I sat at the table knowing I should feel bad. But I couldn’t do it. I knew I owed Ashley somewhere for something nasty she’d done to me; there had been enough over the years. It was exhilarating in a way, this feeling of wrongdoing, of making things even. I listened to them arguing outside and thought of Ashley the night before, telling me to remember when things were good. I sat back, listening, and concentrated on this moment, my last act of revenge against my sister, and savored it.
It was later that night that I got the call from Casey. I didn’t even recognize her voice at first, a voice I’d heard all my life. She sounded like she was choking, or had a cold.
“I need to talk to you,” she said as soon as I picked up the phone where Ashley had left it dangling on the floor with a glare at me. She was still mad, even though Lewis had forgiven
her before he even made it down the driveway. “It’s important.”
“Okay,” I said. “Should I come over?”
“No,” she said quickly, and in the background I could hear baby Ronald hollering. “Meet me halfway. Right now, okay?”
“Sure.” I hung up, found my shoes, then walked to the living room, where my mother, Lydia, and Ashley were watching “Murder, She Wrote” and making lists. “I’m going for a walk with Casey.”
“Fine.” My mother hardly looked up, her mind on the band and the ushers and the flower arrangements. “Be back by ten.”

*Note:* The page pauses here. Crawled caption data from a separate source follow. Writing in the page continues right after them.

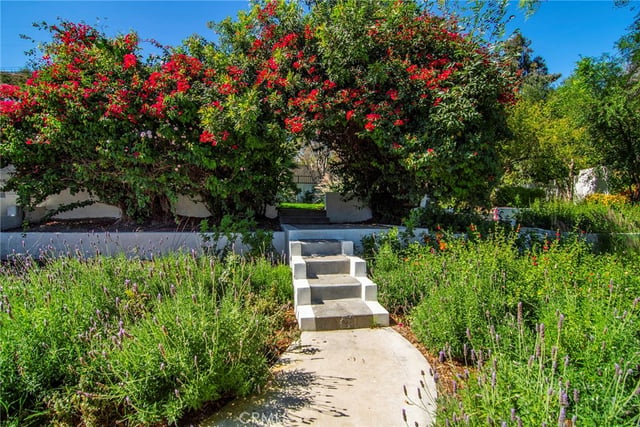 20100 Hatteras Street, Woodland Hills, CA 91367 — photo 34 of 43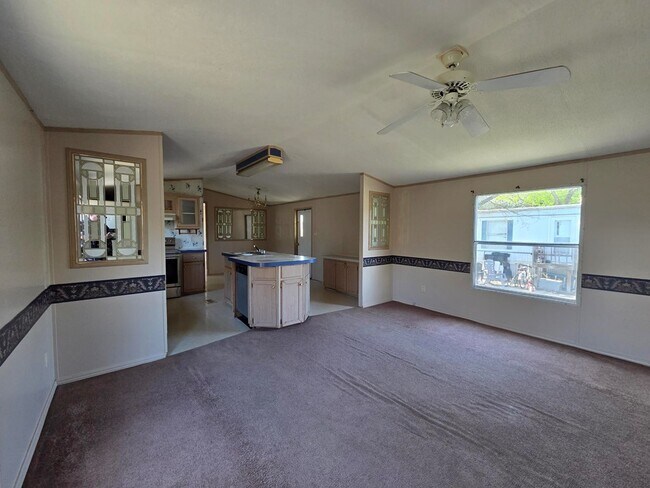 Building Photo - 106 Clark St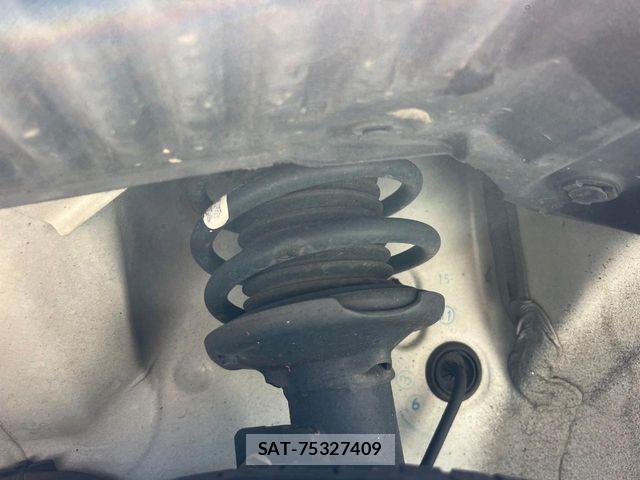 Suzuki SPACIA 2023-09 7330217-19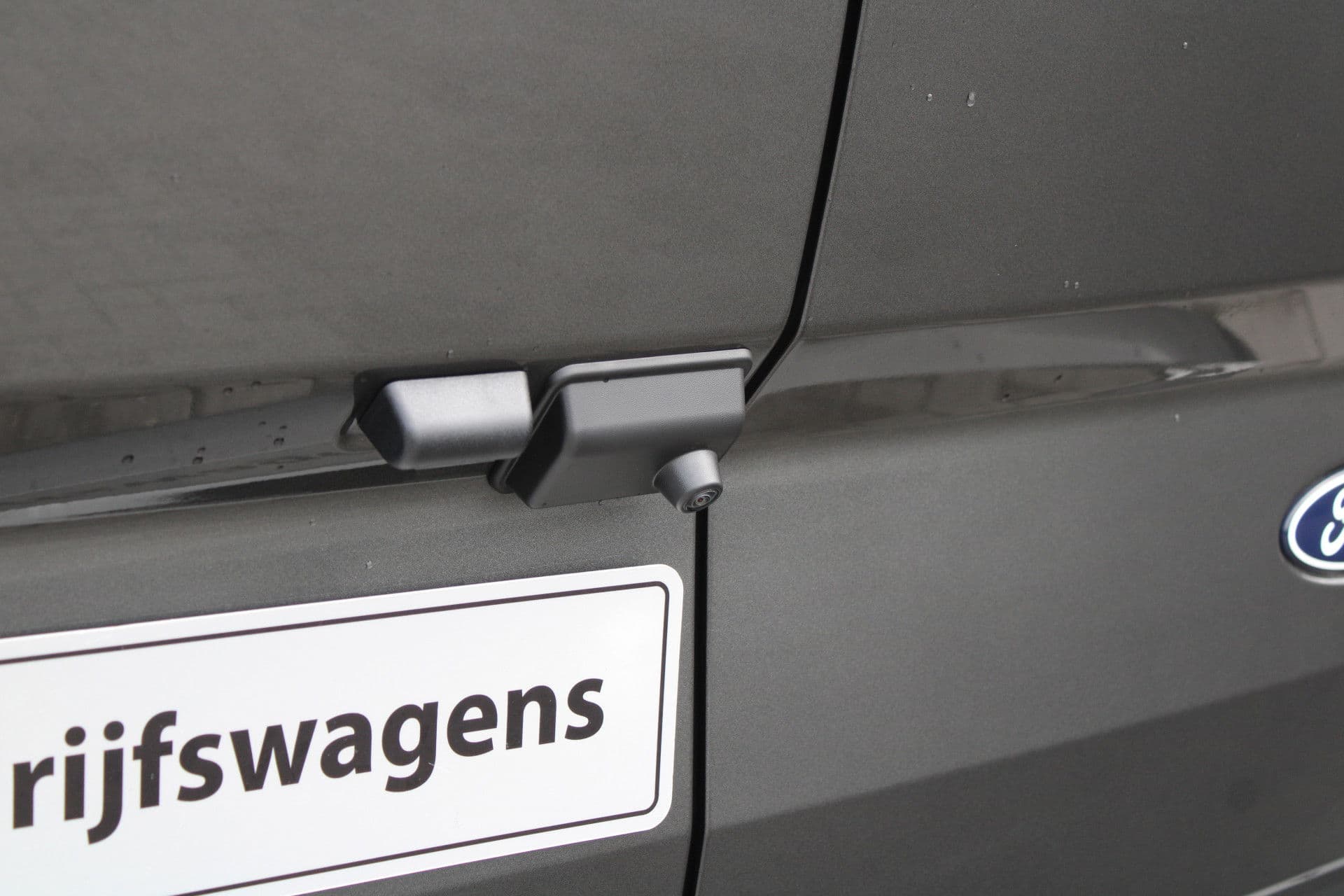 Ford E-Transit Custom 340 L2H1 Limited 65 kWh 218pk - DIRECT LEVERBAAR - 2x Schuif - LED - 360 Camera - B&O - ACC - Navi - Stoel/Stuurverwarming - Rijklaar thumbnail 47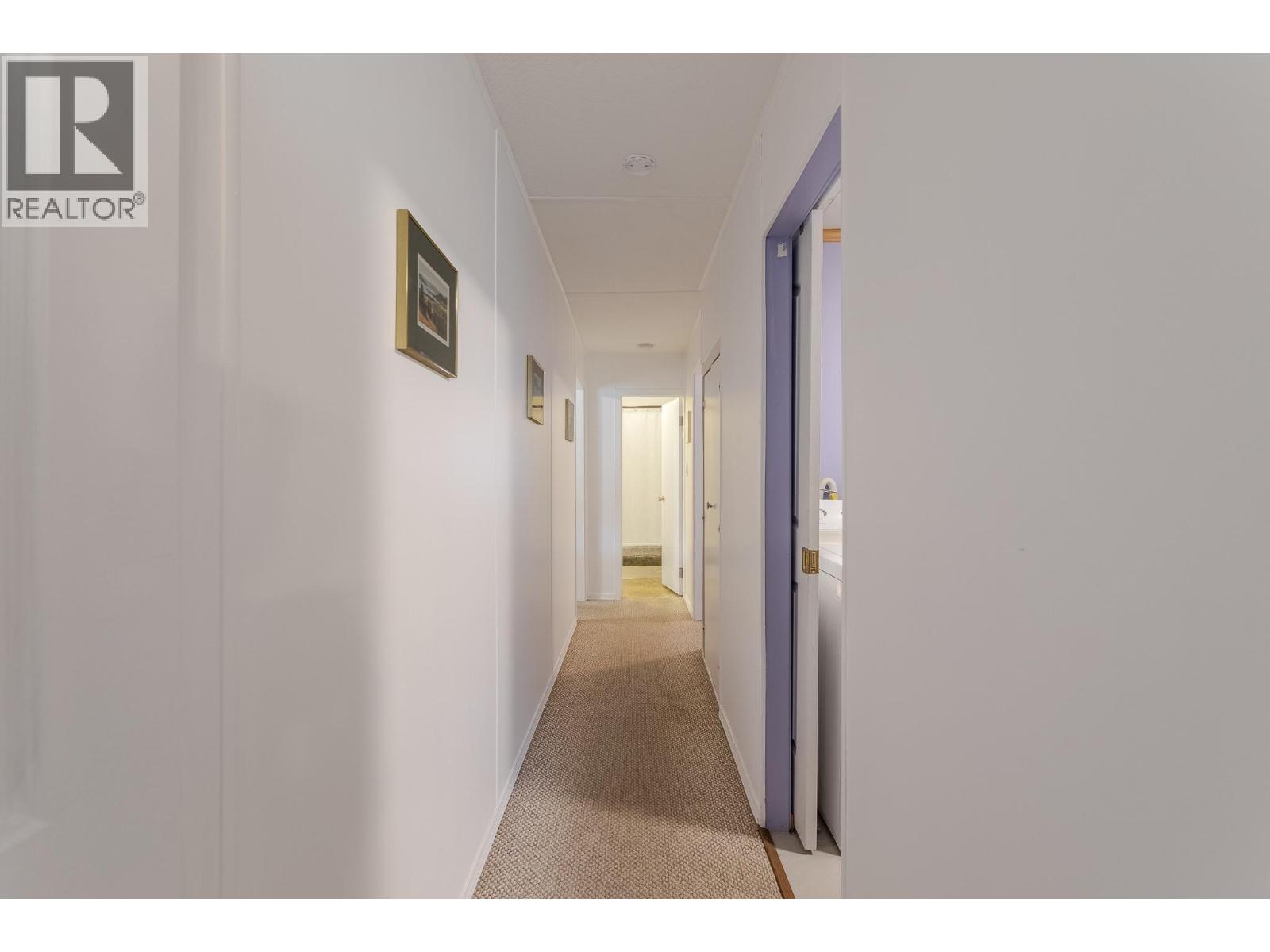 402 Conklin Avenue, Penticton - Image 1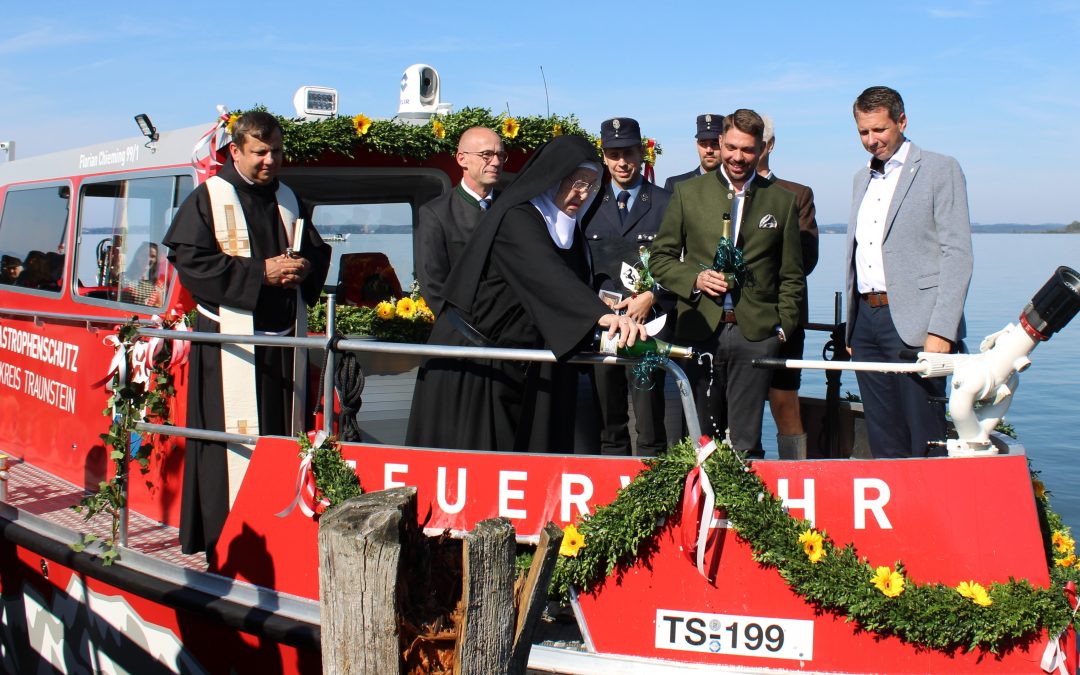 Neues Feuerlöschboot „Flori“ für den Chiemsee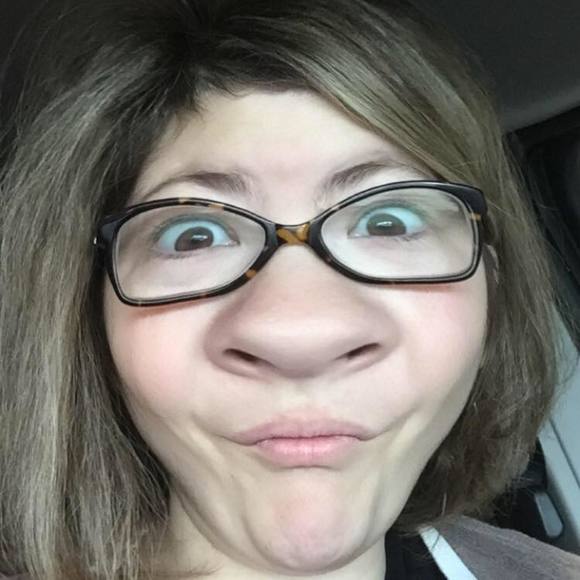 Meet your Posher, Bri - Picture 1 of 1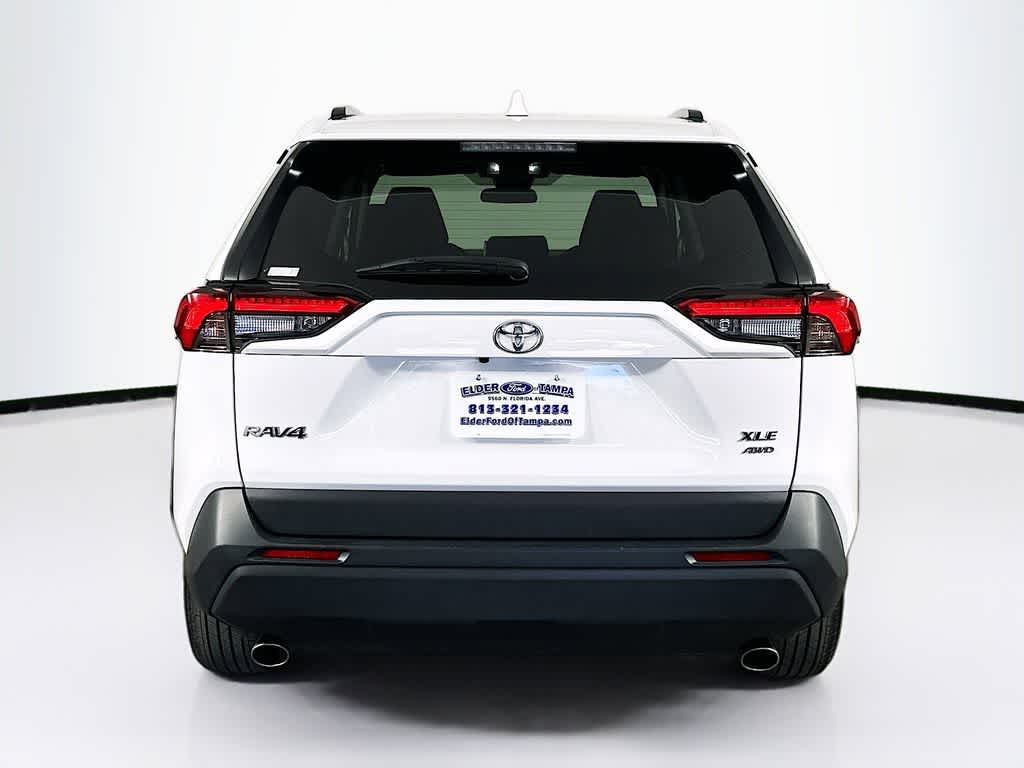 2025 Toyota RAV4 XLE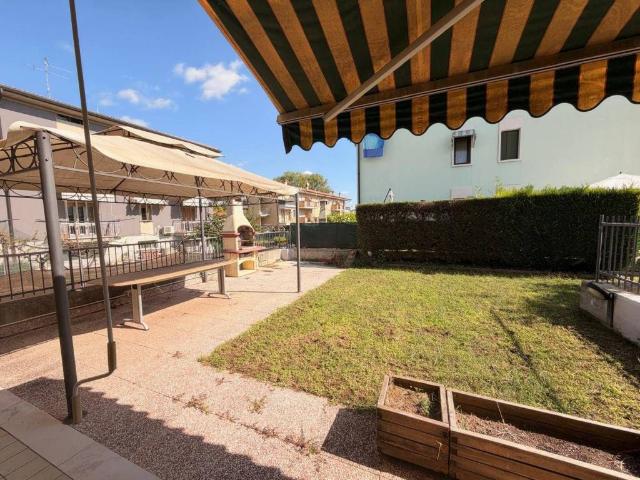 Appartamento in vendita a Azzano, Castel d'Azzano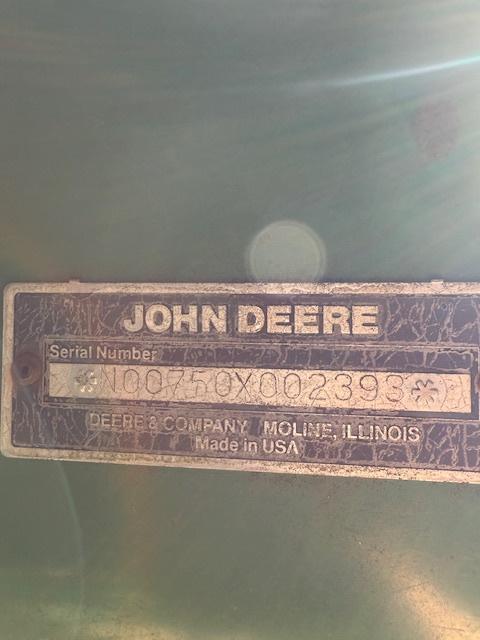 1991 John Deere 750 Image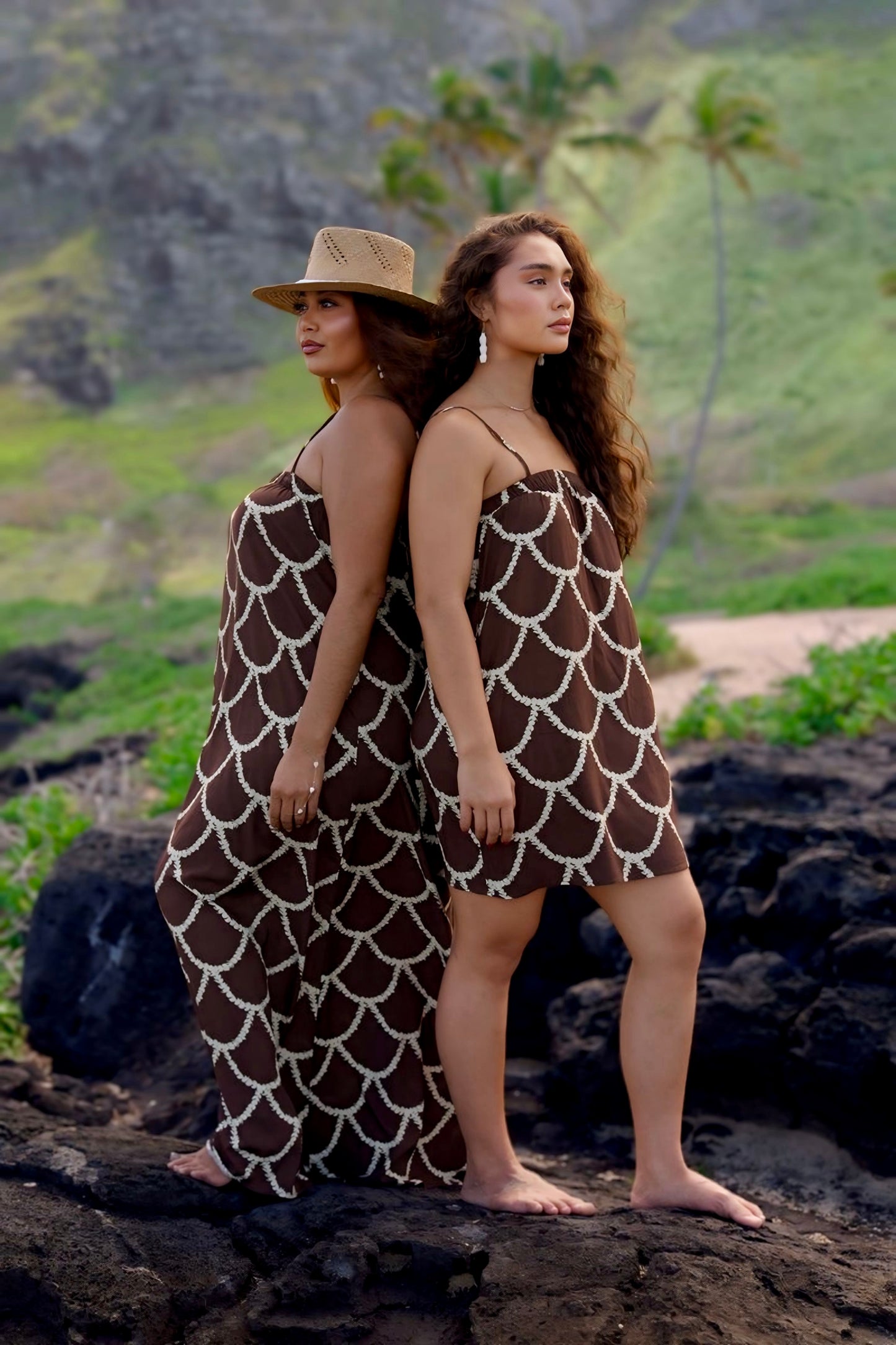 Pu’ulei Dress - Brown Scalloped Pikake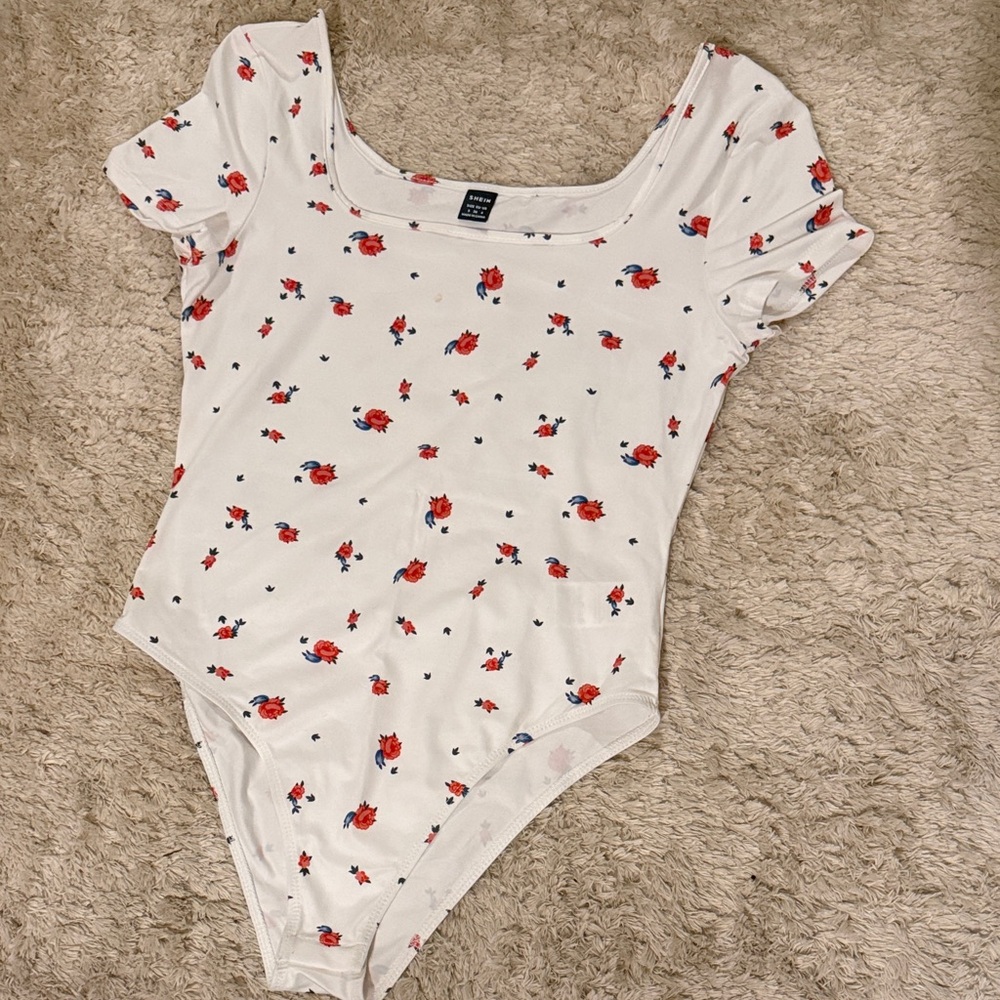 SHEIN White Floral Scoop Neck Bodysuit with Red Rose Accents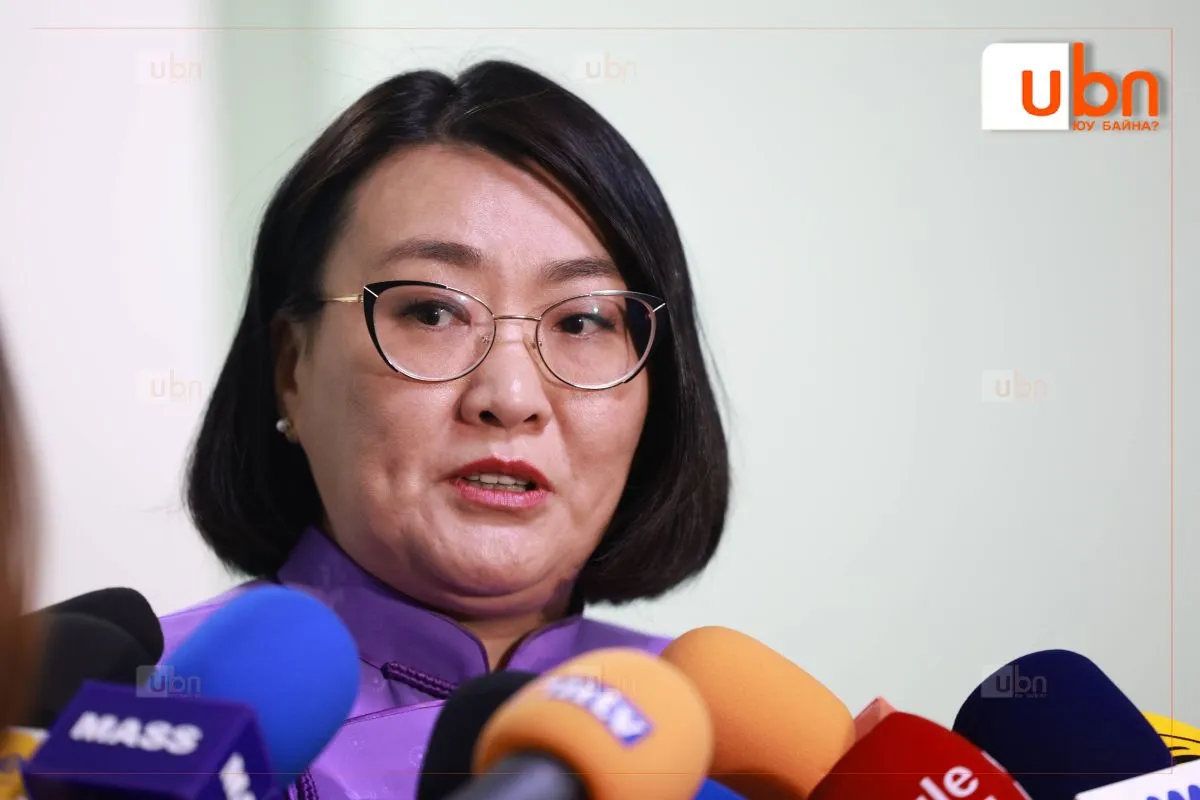 А.Ариунзаяа: Ерөнхий сайдыг огцруулах бичгийг урьдчилж тараахаар гарын үсэг зурсан гишүүдэд дарамт шахалт ирнэ гэж үзсэн учраас яг хуралдаан эхлэх үед тараахаар болсон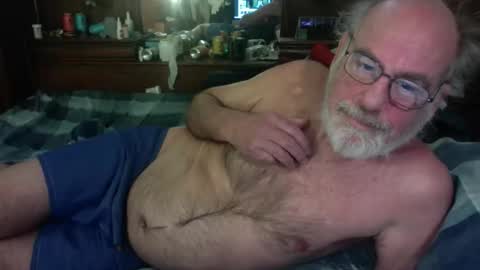 Snapshot of nedddludd chatting on 05/18/26, 12:29 nedddludd online show from 05/18/26, 12:29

As I stepped into the thick summer air I heard only cicadas, screaming from the trees around our house. It was warm and sticky and I left my shoes on the porch, walking barefoot down the sidewalk, past houses with their lights burning, the sound of televisions drifting from open windows. I could see Casey coming from the other direction, walking quickly and brushing her hair out of her face. We met halfway, by the mailbox in front of the Johnsons’.
“It’s horrible,” she said to me, breathless. She was sniffling—no, crying—and she kept walking, with me falling into step behind her. “I just can’t believe it.”
“What?” I’d never seen her like this.
“He broke up with me,” she said, sobbing. “That bastard, he broke up with me over the phone. Just a few minutes ago.”
“Rick?” I pictured him from all those packs of glossy three-by-fives, always grinning into the camera, a stranger from Pennsylvania.
“Yes,” she said, wiping her nose with the back of her hand. “I have to sit down.” She plopped herself on the curb and pulled her knees to her chest, burying her face in her hands.
“Casey.” I reached to put my arm around her, unsure of how to act or what to say. This was the first time it had happened to us. “I’m so sorry.”
“I’d been calling so much, but he was never home, right? And I was leaving all these messages....” She stopped and wiped her eyes. “And his mother kept saying he was out, or busy, and finally he called me back today and said she made him call me. Haven, he’d been telling her all along to say he wasn’t home. He just didn’t want to talk to me.”